*Work instruction:* Beneath this line are entries. Copy the range from the line with "Flagge von Israel Autoaufkleber (Auf Auto)" to the line with "Veste Polaire HEIDY Femme (Kaki Foncé) 4/5", ends included, exactly; leave pictures out.

*Data extracts:*
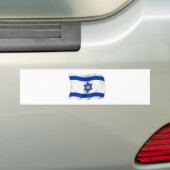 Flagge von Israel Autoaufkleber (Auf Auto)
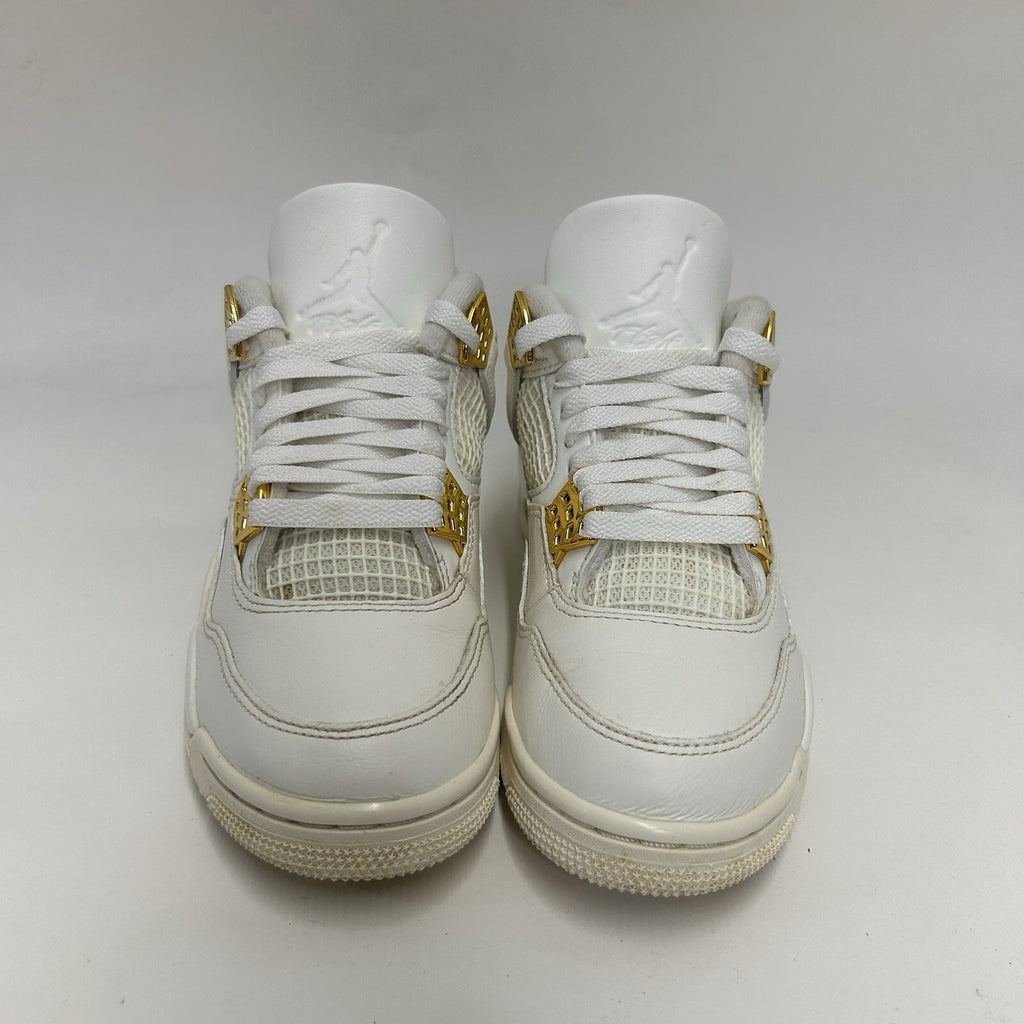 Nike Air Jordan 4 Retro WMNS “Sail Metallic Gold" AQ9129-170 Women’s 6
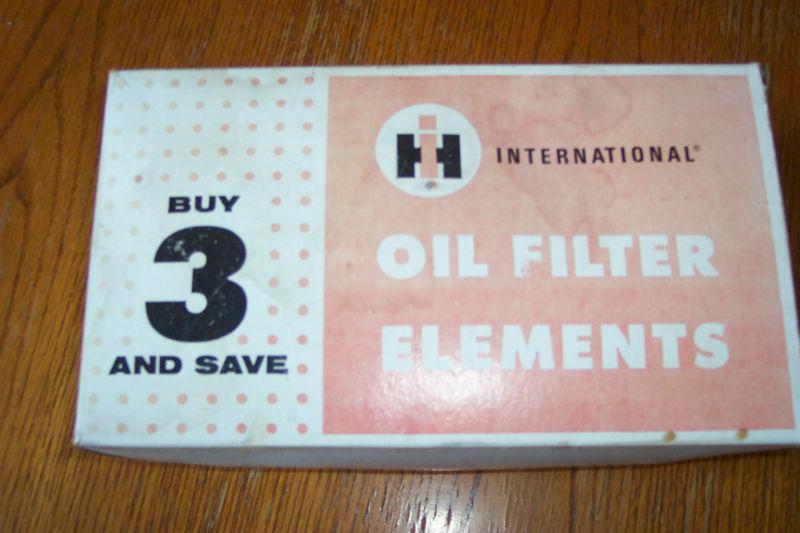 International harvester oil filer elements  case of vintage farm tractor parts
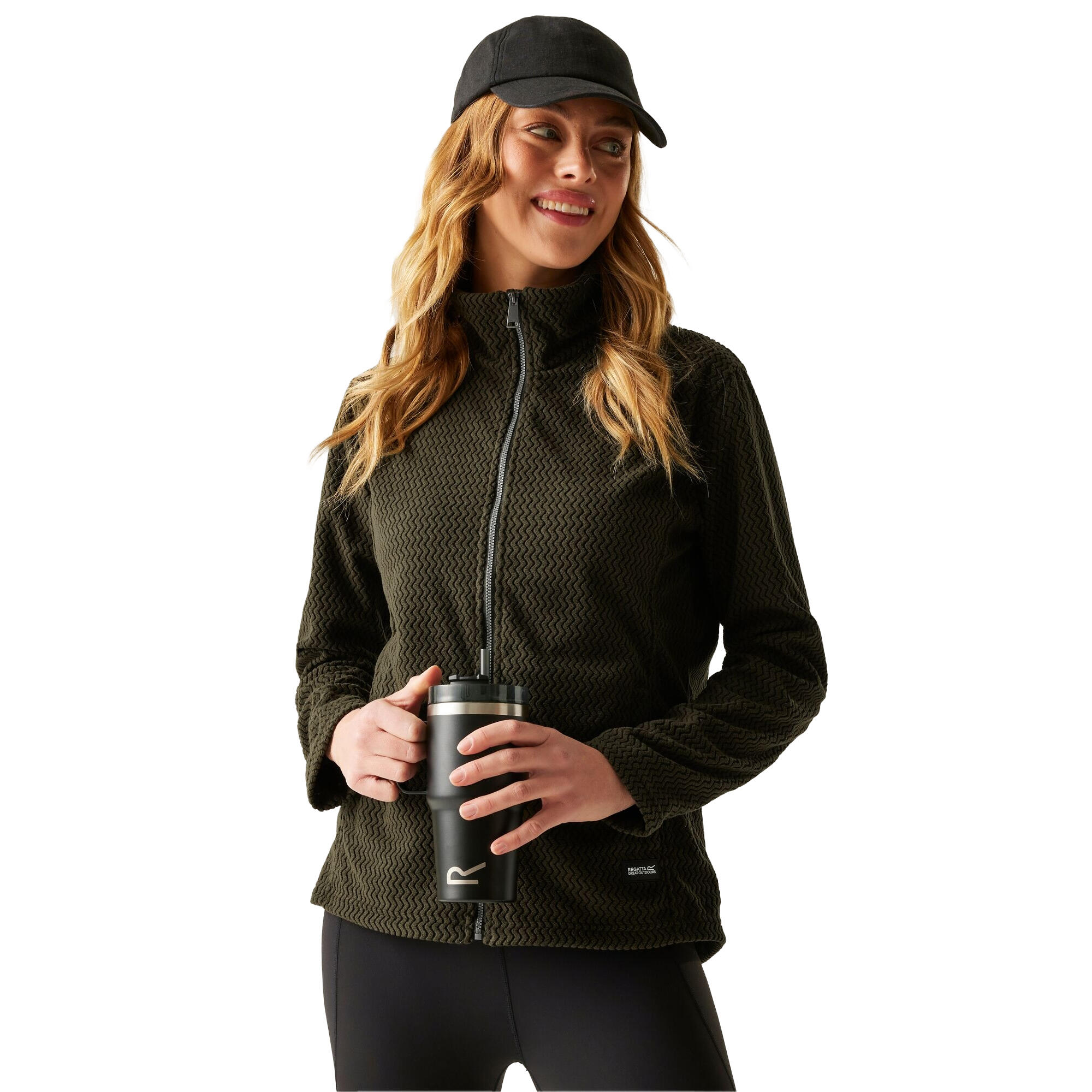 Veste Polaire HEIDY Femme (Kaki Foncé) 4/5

--

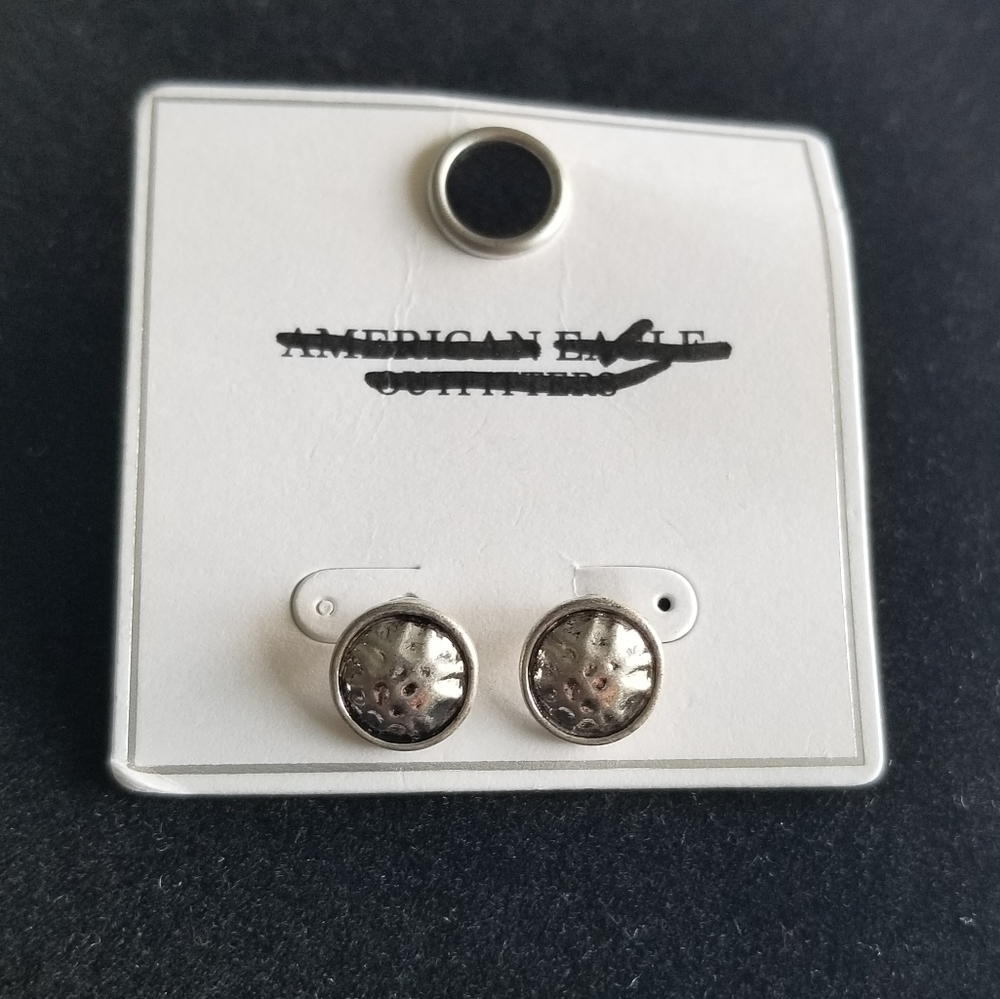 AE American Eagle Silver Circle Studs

*Response box:*
 Flagge von Israel Autoaufkleber (Auf Auto)
 Nike Air Jordan 4 Retro WMNS “Sail Metallic Gold" AQ9129-170 Women’s 6
 International harvester oil filer elements  case of vintage farm tractor parts
 Veste Polaire HEIDY Femme (Kaki Foncé) 4/5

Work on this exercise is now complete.